In the public health system I work in the majority of my patients are not ready for this 'commitment' and indeed would give a kidney to have the kind of problems that people have after they're rich, in long term established families and steady high paying jobs. That said, more and more I think therapist need the kind of therapy that traditional psychoanalysis offered.
With the recent increase in general practitioners doing psychotherapy I am hopeful that they will undergo psychotherapy themselves. When psychopharmacologists stopped undergoing their own psychotherapy, I feel patients suffered. The mind is not the same as the kidney but to listen to an arrogant psychopharmacologist speak in his parental tones, relationships and the self are really just the same as "infection". Just trust him and he will give you the 'pill' that will cure 'your life'.
The traditional psychoanalytic process helped one understand therapist factors in therapy, the transference and countertransference. People 'talk' about this as if they 'know' but really it's an 'experiential' process and having worked as a family physician in the internist tradition and as a psychiatric psychotherapist I know the difference. I am biased.

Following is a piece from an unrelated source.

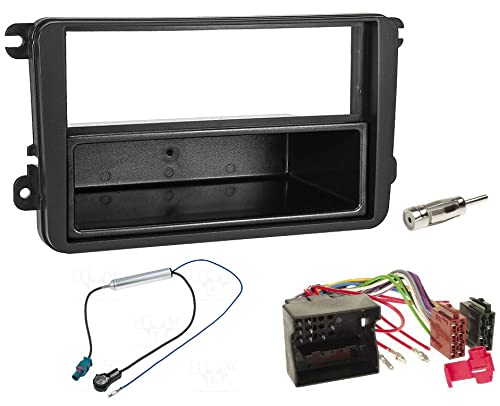 AudioPro Ject A123 Car Radio Installation Kit for VW Golf V, Touran, 3 °C, Caddy, EOS Skoda (Octavia), with Tray, Black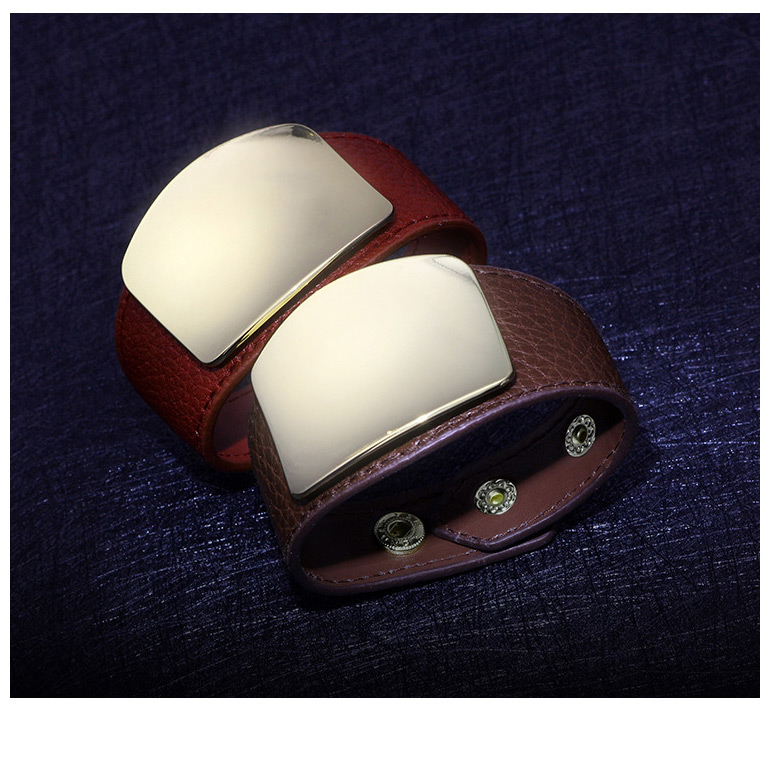 Elegant Brown Square Shape Decorated Width Bracelet,Fashion Bracelets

Even my surgical colleagues have told me that their surgery and their whole approach to surgery improved after they themselves had to go under the knife. While we can't expect neurosurgeons to undergo brain surgery as part of training, there is no such restriction on psychiatrists and therapists. It is specifically in the therapeutic context that the activity of the therapist is most observable.
In closing, there are many ways to skin a cat but it's very unlikely that a cat will skin itself.